Herbert W. Armstrong Warned Poland of the Holy Roman Empire

Trumpet

Herbert W. Armstrong Warned Poland of the Holy Roman Empire

Radio Luxembourg, Manfred Lachs, Arthur Rubinstein, Lech Walesa, Pope John Paul II and God’s gospel

The Sept. 18, 1928, edition of The Bible Advocate featured an article titled “Palestine From Day to Day,” written by Herbert W. Armstrong. Deputy Gruenbaum of the He’Chalutz organization was quoted as saying, “We appear to be on the eve of a new emigration to Palestine from Poland.” The Zionist organization in cooperation with the then British government of Palestine had worked to improve local industry and agriculture.

The years leading up to World War ii saw Poland stampeded by Adolf Hitler, and then it was gobbled up by Russia as a satellite state after the defeat of Nazi Germany by the Allied forces and agreements solidified at Yalta by Prime Minister Winston Churchill, U.S. President Franklin Roosevelt and Russian Premier Joseph Stalin.

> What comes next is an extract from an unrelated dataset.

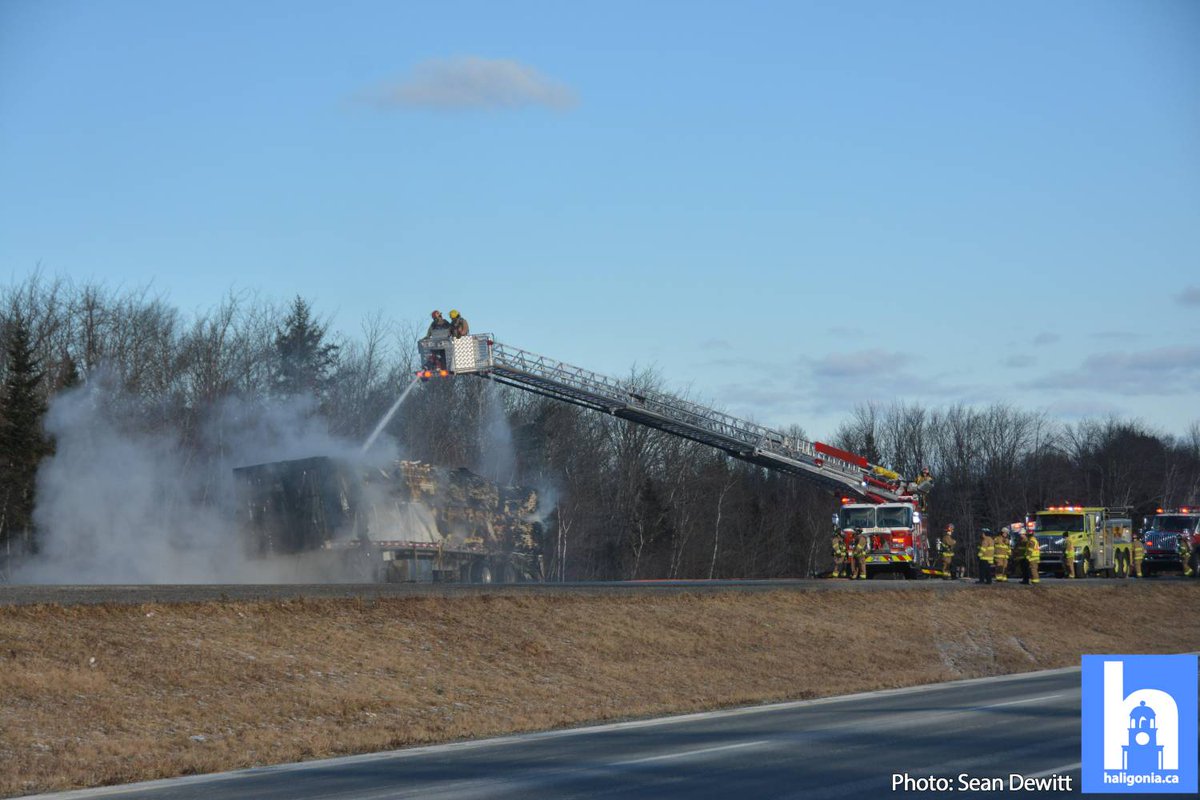 hfxtraffic's tweet photo. Hwy 102 is completely blocked inbound approaching the airport as crews tackle a trailer fire. https://t.co/8WYYRglxu4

Poland remained on Mr. Armstrong’s mind, with him reminding co-workers on Jan. 13, 1949, that former leaders of Poland and several other countries had “told me personally how their countries were overthrown, crushed under the iron boot of Russia, their people’s farms, stores, and businesses taken from them, their citizens made slaves!”

Four years later, Mr. Armstrong’s voice would be heard across Eastern and Western Europe via the world’s most powerful broadcast station. By Jan. 14, 1955, he excitedly wrote co-workers, “Just now—in this afternoon’s mail—we have received our first letter from a regular listener from behind the Iron Curtain!”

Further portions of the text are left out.